Hey all,
I’ve been tasked with benchmarking the performance of code that uses unified data buffers as opposed to the traditional host/device model. To be honest I didn’t expect any difference in performance, which is why the results I’m getting are confusing me.
I’ve written a contrived example that adds 1 to a buffer of floats once on the device and once on the host. The performance of the UMA code is consistently better than that of the traditional cuda code (for lack of a better term) on my Jetson TK1
I’ve written a scoped timing struct that uses the cudaEvent_t type to keep track of when it was constructed/destructed. On destruction it spits out its lifespan.
// Scoped timing struct
struct CudaStopWatch{
std::string name; // Name of timed region
cudaEvent_t start, stop; // Start/Stop event
CudaStopWatch(std::string n) // Constructor
: name(n)
{
cudaEventCreate(&start); // Create start event
cudaEventCreate(&stop); // Create stop event
cudaEventRecord(start); // Start recording
}
~CudaStopWatch(){ // On destruction
cudaEventRecord(stop); // Stop recording
cudaEventSynchronize(stop);// And synchronize the event
// Print out the elapsed time
float mS(0.f);
cudaEventElapsedTime(&mS, start, stop);
printf("%s took %f mS to execute\n", name.c_str(), mS);
}
};
If my thinking is sound, this struct should time the Cuda code that occurs from its instantiation to the end of its scope.

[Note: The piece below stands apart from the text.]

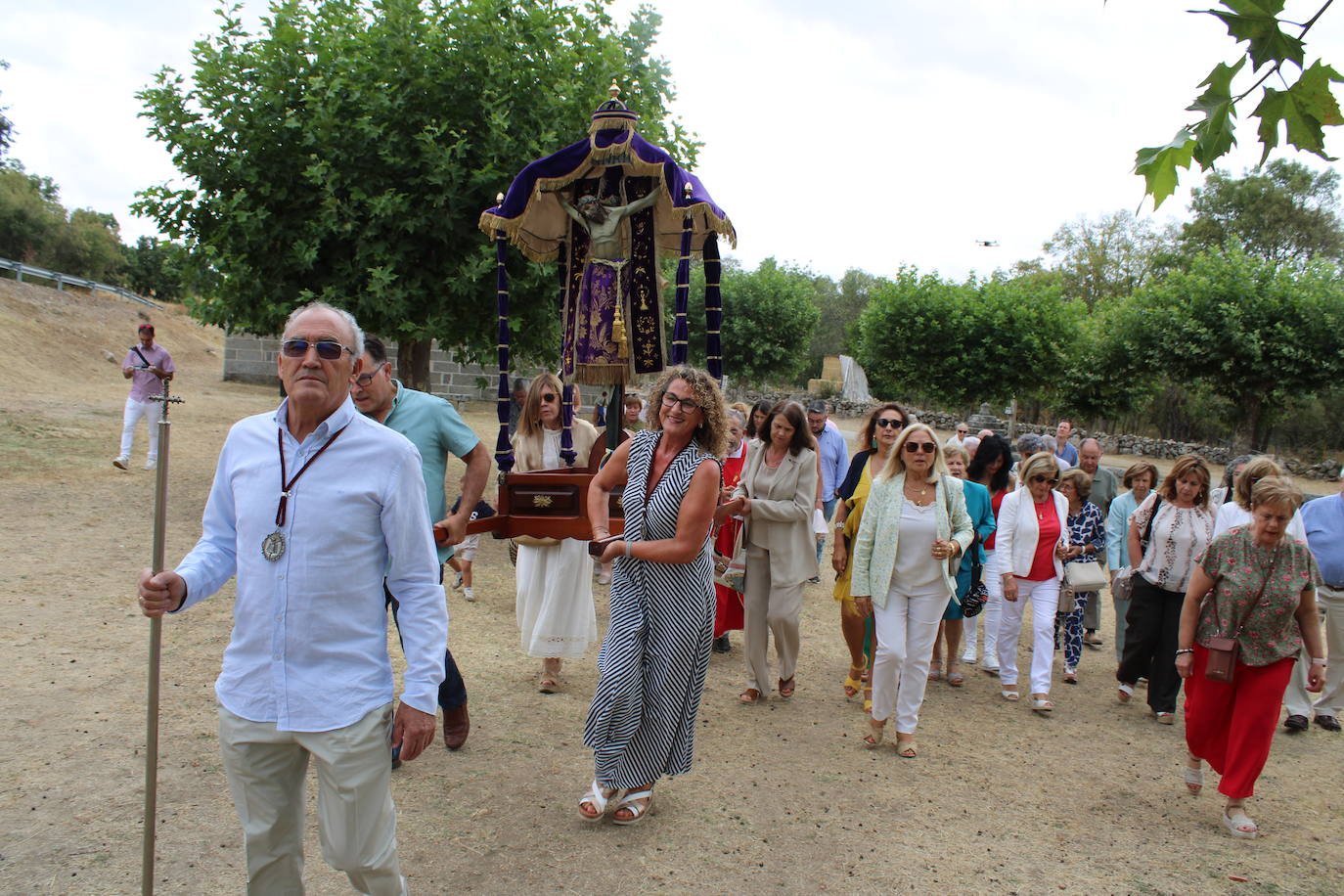 Los fieles de Sorihuela acompañan al Cristo de Valvanera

Here’s the actual code of interest:
#include <stdio.h>
#include <string>
#define MAX_THREADS 1024
// Add 1 to buf
__global__
void inc(float * data, int N){
int idx = threadIdx.x+blockDim.x*blockIdx.x;
if (idx < N) data[idx]++;
}
// Test the UMA version
void testUma(int N){
// Size of data buffer, in bytes
const int nBytes = sizeof(float) * N;
// Allocate unified buffer
float * data(0);
cudaMallocManaged((void **)&data, nBytes);
// Initialize buffer data
for (int i=0; i<N; i++)
data[i] = float(i);
{ // Time execution
CudaStopWatch CSW("UMA");
// add 1 on device, copy back, add 1 on host
inc<<< N / MAX_THREADS, MAX_THREADS >>>(data, N);
cudaDeviceSynchronize();
for (int i=0; i<N; i++)
data[i]++;
}
//Free
cudaFree(data);
}
// Test the traditional version
void testCuda(int N){
// Size of data buffer, in bytes
const int nBytes = sizeof(float) * N;
// Allocate host and device buffers
float * h_Data(0), * d_Data(0);
h_Data = (float *)malloc(nBytes);
cudaMalloc((void **)&d_Data, nBytes);
// Initialize host buffer
for (int i=0; i<N; i++)
h_Data[i] = float(i);
{ // Time execution
CudaStopWatch CSW("CUDA");
// Copy to device
cudaMemcpy(d_Data, h_Data, nBytes, cudaMemcpyHostToDevice);
// add 1 on device, add 1 on host
inc<<< N / MAX_THREADS, MAX_THREADS >>>(d_Data, N);
// copy back
cudaMemcpy(h_Data, d_Data, nBytes, cudaMemcpyDeviceToHost);
// add 1
for (int i=0; i<N; i++)
h_Data[i]++;
}
// Free
free(h_Data);
cudaFree(d_Data);
}
int main(){
const int N(1000 * MAX_THREADS);
testUma(N);
testCuda(N);
return 0;
}
In the UMA version, I start timing after I’ve initialized the data on the host, whereas in the traditional version I start timing before I copy the data from the host to the device.
My assumption was that until I actually call a kernel on my unified buffer it hasn’t yet been uploaded, and that the upload only occurs after I start timing. However, I can’t tell if this is true, since I don’t know if nvcc is doing anything tricky under the hood to optimize the data transfer.
Does this timing code seem fair? Sorry if it’s too long of a block, but it’s nothing complex I promise!